We train this discriminator to distinguish real audio-visual pairs from ‘fake’ pairs from another distribution, with the insight that the learned model is more likely to classify novel pairs as fake. Here, the observed image-audio pairs during exploration act as positive training examples, but a critical question is how to obtain negative image-audio pairs. To this end, we reformulate the problem as whether image-audio pairs are aligned or not: we obtain ‘fake’ samples by randomly misaligning the audio and visual modalities, similar to Owens et al 2018. The positive data is then aligned image-audio pairs, and the negative data is comprised of misaligned ones. The discriminator model, shown below, outputs values between 0 and 1, with 1 representing high probability of audio-visual alignment and 0 representing misalignment. We can then leverage the misalignment likelihood as an indicator of novelty since the discriminator would be uncertain in such instances.

Our audio-visual association model: The frames (top left) and potentially misaligned audio waveform (bottom left) are preprocessed into 512-dimensional feature vectors using a random feature network and FFT, respectively. The discriminator network (right) takes these features as inputs and is trained to output whether or not they are aligned. 2D conv represents a standard convolutional layer and FC 512 represents a fully-connected layer with 512 units.


Having introduced association novelty via alignment, we now describe how we implement this idea using function approximators. During training, the agent policy is rolled out in parallel environments. These yield trajectories which are each chunked into 128 time steps. A trajectory consists of pairs of preprocessed visual and sound features: (v_1,s_1),(v_2,s_2)…(v_{128},s_{128}). These trajectories are used for two purposes: 1) updating the discriminator D as described below and 2) updating the exploration policy based on the intrinsic reward r_t^i (computed using the discriminator), also described below.

Training the Alignment Discriminator: The discriminator D is a neural network that takes a visual and sound feature pair as input and outputs an alignment probability. To train D, we start with positive examples from the visual and sound feature pairs (v_t, s_t). With 0.5 probability we use the true aligned pair, and with 0.5 probability we create a false pair consisting of the true visual feature vector v_t and a sound feature vector uniformly sampled from the current trajectory. We call this false sound s_t'. We define a binary variable z_t to indicate whether the true audio was used, i.e. when we give the discriminator the true audio s_t, we set z_t=1, and when we give the discriminator the false audio s_t', z_t=0. We use a cross-entropy loss to train the discriminator, similar to prior work (Owens et al. 2018, Aytar et al. 2018):

    \[\mathcal{L}_t(v_t,s_t,s_t',z_t) = \begin{cases} -\log(D(v_t,s_t)), & \text{if } z_t = 1\\ -\frac{||s_t - s_t'||_2}{\mathbb{E}_{\text{batch}}||s_t - s_t'||_2}\log(1-D(v_t,s_t')), & \text{if } z_t = 0 \end{cases}\]

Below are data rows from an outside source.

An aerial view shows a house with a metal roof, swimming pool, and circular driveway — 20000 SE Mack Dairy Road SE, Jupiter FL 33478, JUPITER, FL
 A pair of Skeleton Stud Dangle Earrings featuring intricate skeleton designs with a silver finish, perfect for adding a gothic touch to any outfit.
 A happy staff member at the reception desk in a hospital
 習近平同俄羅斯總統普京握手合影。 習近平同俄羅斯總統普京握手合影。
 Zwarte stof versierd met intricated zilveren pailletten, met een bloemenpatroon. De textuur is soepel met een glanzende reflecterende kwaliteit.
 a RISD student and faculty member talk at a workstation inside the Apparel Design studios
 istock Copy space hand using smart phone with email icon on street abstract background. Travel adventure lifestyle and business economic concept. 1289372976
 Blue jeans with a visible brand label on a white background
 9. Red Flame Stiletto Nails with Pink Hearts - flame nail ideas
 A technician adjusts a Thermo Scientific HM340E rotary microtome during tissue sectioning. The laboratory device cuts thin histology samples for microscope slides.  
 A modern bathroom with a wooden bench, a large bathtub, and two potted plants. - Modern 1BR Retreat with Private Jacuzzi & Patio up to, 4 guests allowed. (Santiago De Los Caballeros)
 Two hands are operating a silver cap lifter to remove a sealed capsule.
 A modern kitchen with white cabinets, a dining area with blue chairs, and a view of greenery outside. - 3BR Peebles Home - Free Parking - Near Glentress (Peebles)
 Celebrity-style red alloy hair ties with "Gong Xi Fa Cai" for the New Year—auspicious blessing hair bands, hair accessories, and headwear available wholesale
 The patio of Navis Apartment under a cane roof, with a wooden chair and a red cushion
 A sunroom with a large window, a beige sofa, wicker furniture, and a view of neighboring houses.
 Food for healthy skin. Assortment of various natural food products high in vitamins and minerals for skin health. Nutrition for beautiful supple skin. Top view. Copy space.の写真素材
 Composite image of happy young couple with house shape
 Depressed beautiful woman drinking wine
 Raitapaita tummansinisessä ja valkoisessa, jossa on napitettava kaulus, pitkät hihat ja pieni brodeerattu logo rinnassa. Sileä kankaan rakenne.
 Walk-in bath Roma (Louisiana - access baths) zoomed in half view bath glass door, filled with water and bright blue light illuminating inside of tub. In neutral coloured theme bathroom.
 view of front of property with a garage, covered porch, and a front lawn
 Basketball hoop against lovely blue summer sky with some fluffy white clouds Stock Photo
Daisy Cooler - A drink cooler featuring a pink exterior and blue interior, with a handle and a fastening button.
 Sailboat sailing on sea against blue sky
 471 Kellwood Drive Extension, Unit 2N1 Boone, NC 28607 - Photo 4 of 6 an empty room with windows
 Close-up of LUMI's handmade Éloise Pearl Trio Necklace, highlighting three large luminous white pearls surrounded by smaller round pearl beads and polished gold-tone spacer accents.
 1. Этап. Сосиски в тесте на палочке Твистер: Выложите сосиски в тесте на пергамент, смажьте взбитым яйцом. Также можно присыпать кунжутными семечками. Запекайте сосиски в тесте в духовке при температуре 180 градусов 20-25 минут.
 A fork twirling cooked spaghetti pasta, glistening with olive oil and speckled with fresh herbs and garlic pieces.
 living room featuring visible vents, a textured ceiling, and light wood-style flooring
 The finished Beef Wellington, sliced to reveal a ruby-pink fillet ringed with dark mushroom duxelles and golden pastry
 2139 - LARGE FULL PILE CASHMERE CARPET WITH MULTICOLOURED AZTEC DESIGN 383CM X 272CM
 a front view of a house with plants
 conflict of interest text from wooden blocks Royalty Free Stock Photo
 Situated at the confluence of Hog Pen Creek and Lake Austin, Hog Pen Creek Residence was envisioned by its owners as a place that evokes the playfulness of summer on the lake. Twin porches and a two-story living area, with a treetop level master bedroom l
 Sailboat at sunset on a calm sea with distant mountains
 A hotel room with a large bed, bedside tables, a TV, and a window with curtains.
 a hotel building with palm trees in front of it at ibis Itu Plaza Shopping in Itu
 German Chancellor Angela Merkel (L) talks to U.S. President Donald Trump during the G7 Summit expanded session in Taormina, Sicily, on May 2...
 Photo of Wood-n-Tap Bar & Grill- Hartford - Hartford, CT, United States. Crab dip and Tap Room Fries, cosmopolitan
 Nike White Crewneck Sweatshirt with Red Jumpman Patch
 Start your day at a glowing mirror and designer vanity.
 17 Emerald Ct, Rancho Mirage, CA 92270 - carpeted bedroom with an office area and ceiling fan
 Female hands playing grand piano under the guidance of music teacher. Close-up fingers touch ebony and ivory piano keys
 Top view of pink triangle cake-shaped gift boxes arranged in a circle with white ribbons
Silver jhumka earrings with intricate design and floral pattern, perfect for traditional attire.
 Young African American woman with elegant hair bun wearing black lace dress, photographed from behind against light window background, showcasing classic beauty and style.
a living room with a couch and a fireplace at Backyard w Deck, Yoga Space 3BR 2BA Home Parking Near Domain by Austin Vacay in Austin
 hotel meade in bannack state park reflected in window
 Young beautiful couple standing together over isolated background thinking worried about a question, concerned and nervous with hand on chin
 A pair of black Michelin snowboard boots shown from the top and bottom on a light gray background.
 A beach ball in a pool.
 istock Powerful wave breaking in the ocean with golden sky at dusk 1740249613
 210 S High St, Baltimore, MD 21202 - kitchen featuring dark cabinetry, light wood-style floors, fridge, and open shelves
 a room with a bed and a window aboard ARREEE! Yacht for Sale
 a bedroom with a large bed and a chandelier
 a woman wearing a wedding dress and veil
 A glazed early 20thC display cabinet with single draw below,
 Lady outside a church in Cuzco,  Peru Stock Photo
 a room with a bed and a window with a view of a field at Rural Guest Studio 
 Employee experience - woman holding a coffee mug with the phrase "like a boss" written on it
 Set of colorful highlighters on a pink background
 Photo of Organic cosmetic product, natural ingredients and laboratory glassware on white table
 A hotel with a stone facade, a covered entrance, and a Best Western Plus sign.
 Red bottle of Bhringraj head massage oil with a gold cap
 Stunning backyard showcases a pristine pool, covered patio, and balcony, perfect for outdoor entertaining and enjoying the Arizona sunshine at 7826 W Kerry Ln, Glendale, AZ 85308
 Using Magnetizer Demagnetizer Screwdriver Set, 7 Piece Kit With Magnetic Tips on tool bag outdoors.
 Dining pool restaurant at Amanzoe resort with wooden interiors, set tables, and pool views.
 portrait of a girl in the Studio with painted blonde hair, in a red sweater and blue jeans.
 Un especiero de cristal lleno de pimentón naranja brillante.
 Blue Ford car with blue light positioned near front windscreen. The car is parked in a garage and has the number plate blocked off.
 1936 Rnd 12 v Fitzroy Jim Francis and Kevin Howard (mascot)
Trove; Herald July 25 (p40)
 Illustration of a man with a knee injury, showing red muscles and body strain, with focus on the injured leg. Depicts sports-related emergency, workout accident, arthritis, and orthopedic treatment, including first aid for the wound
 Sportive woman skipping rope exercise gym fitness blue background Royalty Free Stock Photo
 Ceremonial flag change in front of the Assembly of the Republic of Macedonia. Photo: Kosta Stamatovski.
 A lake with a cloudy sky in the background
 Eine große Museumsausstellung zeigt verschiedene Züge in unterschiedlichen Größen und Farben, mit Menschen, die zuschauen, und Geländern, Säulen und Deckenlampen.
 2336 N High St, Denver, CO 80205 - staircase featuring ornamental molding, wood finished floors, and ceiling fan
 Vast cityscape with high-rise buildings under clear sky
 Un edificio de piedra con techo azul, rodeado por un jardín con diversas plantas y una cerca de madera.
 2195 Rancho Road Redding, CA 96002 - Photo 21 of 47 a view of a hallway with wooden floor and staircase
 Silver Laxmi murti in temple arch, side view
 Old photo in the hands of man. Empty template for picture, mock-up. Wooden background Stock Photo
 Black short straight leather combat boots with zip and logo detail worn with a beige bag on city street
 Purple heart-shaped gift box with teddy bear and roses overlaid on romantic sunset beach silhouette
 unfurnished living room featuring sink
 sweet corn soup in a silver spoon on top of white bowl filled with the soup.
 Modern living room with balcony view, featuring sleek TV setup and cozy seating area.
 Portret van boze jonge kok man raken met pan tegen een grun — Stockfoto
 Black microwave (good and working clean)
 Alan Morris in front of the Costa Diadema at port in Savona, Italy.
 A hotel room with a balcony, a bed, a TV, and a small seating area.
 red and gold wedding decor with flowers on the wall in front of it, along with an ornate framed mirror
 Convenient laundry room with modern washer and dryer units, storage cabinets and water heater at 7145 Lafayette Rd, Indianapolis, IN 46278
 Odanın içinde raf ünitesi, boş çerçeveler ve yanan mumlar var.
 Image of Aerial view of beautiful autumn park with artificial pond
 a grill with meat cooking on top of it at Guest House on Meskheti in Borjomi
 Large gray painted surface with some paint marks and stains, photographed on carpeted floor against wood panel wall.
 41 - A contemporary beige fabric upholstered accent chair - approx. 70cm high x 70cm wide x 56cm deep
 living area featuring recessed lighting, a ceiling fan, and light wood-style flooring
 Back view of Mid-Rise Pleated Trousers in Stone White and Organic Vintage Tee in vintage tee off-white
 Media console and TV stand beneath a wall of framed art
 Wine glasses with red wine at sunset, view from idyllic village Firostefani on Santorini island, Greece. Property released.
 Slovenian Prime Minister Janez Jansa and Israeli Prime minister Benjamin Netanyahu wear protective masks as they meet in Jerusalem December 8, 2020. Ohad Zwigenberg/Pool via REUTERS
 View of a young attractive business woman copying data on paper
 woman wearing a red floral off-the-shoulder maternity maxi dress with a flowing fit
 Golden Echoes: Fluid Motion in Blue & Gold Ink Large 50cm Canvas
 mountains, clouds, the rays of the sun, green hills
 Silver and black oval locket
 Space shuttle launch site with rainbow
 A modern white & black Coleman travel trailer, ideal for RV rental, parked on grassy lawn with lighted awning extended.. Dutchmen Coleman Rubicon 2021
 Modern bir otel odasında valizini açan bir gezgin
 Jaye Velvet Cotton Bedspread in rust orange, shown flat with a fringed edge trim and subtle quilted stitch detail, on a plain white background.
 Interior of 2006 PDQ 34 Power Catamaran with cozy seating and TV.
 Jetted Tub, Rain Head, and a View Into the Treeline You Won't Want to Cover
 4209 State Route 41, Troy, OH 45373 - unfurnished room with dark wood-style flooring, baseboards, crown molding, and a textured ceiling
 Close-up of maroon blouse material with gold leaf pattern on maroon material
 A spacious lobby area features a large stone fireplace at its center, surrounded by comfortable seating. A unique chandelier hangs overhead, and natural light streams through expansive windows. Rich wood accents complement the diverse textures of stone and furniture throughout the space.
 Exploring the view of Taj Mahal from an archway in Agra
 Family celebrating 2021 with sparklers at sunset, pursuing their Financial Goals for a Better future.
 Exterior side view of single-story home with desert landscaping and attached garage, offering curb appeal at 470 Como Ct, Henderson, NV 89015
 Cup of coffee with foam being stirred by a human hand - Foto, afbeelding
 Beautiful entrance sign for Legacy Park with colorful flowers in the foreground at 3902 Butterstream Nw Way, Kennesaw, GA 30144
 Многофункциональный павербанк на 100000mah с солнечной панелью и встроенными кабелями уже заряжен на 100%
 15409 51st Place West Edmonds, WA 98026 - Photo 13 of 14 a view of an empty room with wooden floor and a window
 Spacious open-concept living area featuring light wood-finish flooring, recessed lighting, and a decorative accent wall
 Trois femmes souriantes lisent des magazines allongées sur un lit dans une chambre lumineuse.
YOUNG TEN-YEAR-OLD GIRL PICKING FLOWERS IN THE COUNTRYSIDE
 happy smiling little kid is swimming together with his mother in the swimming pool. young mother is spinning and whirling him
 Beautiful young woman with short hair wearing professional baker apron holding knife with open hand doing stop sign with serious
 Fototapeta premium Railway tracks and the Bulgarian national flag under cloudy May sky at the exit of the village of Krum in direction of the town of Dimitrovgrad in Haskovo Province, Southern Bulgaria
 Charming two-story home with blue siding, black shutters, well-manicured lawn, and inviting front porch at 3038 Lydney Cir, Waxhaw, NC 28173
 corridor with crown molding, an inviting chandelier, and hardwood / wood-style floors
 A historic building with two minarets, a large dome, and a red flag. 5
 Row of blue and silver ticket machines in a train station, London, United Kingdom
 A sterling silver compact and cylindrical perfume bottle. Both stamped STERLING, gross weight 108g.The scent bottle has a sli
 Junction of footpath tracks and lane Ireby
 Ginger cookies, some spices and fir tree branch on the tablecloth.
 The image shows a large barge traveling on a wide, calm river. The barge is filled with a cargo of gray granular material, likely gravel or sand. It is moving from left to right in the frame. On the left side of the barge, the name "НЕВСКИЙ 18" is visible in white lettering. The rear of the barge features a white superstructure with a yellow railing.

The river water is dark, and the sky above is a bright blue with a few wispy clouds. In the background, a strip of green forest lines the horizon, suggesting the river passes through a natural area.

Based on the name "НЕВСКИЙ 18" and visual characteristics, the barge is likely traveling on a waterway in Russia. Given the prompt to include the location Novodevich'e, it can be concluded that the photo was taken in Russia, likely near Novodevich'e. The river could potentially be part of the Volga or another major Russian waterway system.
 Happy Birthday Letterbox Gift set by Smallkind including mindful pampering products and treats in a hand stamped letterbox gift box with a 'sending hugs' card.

In the z_t=0 case above, we weight the cross-entropy loss to prevent the discriminator from being penalized in cases where the true and false audio are similar. We weight by the L2 difference between the true and false audio feature vectors and normalize by dividing by the mean difference across samples in the batch of 128 trajectories. This loss is used for updating the discriminator and is not used in computing the agent’s intrinsic reward.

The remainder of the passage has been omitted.